Question

How do you simplify \[\dfrac{9-i}{2-i}\]?

Answer 1

Hint: This type of problem is based on the concept of rationalising complex numbers. We have to first multiply the numerator and the denominator by 2+i. Here, we have to substitute \[{{i}^{2}}=-1\]. Then, simplify the given expression in such a manner that we get a constant in the denominator. Then, use the distributive property \[\left( a+b \right)\left( c+d \right)=ac+ad+bc+bd\] to solve further. Thus, we get a simplified expression which is the required answer.

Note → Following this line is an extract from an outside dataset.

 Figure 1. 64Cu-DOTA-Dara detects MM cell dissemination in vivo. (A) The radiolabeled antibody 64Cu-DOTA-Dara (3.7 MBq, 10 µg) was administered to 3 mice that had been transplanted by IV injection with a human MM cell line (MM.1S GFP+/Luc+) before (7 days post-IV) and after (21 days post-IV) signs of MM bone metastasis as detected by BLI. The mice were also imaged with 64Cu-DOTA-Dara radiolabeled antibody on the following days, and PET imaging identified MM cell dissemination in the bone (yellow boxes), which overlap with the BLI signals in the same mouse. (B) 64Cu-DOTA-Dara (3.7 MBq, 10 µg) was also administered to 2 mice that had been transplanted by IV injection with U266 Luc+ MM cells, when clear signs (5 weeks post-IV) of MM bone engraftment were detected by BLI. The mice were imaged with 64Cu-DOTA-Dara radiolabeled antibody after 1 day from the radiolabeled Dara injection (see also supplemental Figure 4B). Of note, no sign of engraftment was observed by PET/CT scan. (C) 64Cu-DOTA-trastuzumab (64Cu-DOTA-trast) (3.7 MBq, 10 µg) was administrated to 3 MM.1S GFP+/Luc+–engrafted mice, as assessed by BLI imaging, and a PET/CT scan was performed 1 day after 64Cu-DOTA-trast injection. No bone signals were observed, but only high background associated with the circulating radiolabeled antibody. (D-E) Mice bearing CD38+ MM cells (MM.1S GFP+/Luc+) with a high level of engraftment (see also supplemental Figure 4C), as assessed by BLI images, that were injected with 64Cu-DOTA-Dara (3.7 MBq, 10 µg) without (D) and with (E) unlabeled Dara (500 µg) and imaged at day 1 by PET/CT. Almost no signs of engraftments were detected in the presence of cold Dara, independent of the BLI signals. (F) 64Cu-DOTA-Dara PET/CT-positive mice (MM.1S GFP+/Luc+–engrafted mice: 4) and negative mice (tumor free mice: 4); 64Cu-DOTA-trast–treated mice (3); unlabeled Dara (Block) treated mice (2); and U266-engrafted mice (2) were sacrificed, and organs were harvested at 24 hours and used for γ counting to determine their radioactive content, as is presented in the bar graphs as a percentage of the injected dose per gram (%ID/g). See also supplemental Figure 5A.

Complete step-by-step solution:
According to the question, we are asked to simplify \[\dfrac{9-i}{2-i}\].
We have been given the expression \[\dfrac{9-i}{2-i}\]. ---------(1)
First, we have to rationalise the term so that we get a constant term in the denominator.
Let us multiply the numerator and denominator with 2+i.
We get \[\dfrac{9-i}{2-i}=\dfrac{9-i}{2-i}\times \dfrac{2+i}{2+i}\].
On further simplification, we get
\[\dfrac{9-i}{2-i}=\dfrac{\left( 9-i \right)\left( 2+i \right)}{\left( 2-i \right)\left( 2+i \right)}\]
We know that \[\left( a+b \right)\left( a-b \right)={{a}^{2}}-{{b}^{2}}\]. Using this identity, we get
\[\dfrac{9-i}{2-i}=\dfrac{\left( 9-i \right)\left( 2+i \right)}{{{2}^{2}}-{{i}^{2}}}\]
We know that \[{{i}^{2}}=-1\] and \[{{2}^{2}}=4\].
Therefore, we get \[\dfrac{9-i}{2-i}=\dfrac{\left( 9-i \right)\left( 2+i \right)}{5}\].
Now, let us use distributive property, that is, \[\left( a+b \right)\left( c+d \right)=ac+ad+bc+bd\] and simplify the numerator.
 \[\Rightarrow \dfrac{9-i}{2-i}=\dfrac{9\times 2+9i-2i-{{i}^{2}}}{5}\]
On simplifying further, we get
\[\Rightarrow \dfrac{9-i}{2-i}=\dfrac{18+9i-2i-{{i}^{2}}}{5}\]
We know that \[{{i}^{2}}=-1\], substituting the value in the above expression, we get
\[\Rightarrow \dfrac{9-i}{2-i}=\dfrac{18+9i-2i-\left( -1 \right)}{5}\]
Now let us group the i terms.
\[\dfrac{9-i}{2-i}=\dfrac{18+\left( 9-2 \right)i-\left( -1 \right)}{5}\]
On further simplification, we get
\[\Rightarrow \dfrac{9-i}{2-i}=\dfrac{18+7i+1}{5}\]
\[\therefore \dfrac{9-i}{2-i}=\dfrac{7i+19}{5}\]
Therefore, the simplified form of the expression \[\dfrac{9-i}{2-i}\] is \[\dfrac{7i+19}{5}\].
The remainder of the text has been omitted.